--- Dataset extract Enclosed Below ---
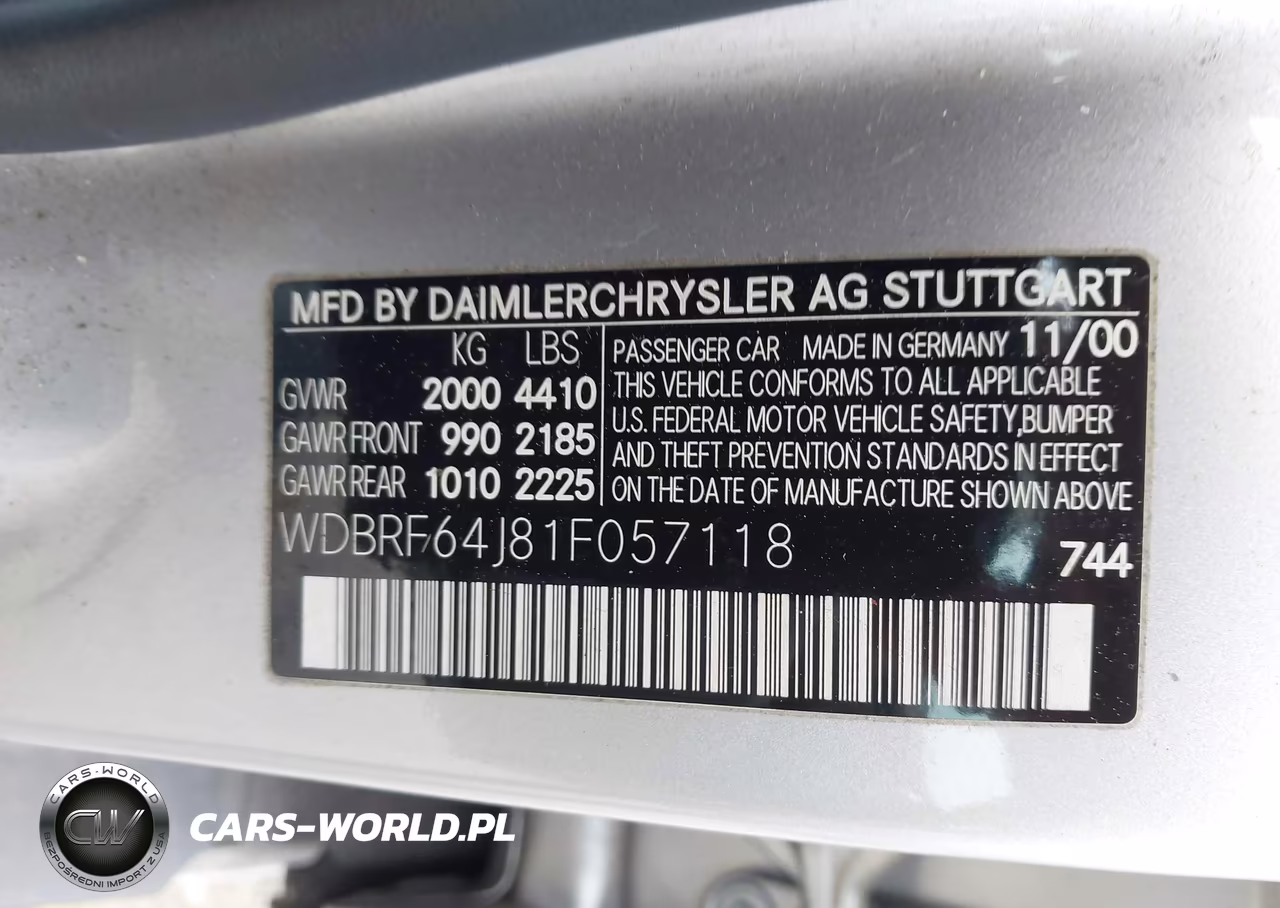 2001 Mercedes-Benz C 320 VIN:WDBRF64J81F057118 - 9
--- End of Enclosed Dataset extract ---
--- Dataset extract Enclosed Below ---
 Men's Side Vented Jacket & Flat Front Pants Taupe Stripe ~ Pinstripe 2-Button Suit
--- End of Enclosed Dataset extract ---
--- Dataset extract Enclosed Below ---
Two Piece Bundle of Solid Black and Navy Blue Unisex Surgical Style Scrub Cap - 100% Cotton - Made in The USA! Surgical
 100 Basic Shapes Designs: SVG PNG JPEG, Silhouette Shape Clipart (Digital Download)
--- End of Enclosed Dataset extract ---
» **What is required**: Would you print exactly, and only, the lines of the data above from the line with "Two Piece Bundle" through the line with "100 Basic Shapes", inclusive?

» **Output of the exercise**:
Two Piece Bundle of Solid Black and Navy Blue Unisex Surgical Style Scrub Cap - 100% Cotton - Made in The USA! Surgical
 100 Basic Shapes Designs: SVG PNG JPEG, Silhouette Shape Clipart (Digital Download)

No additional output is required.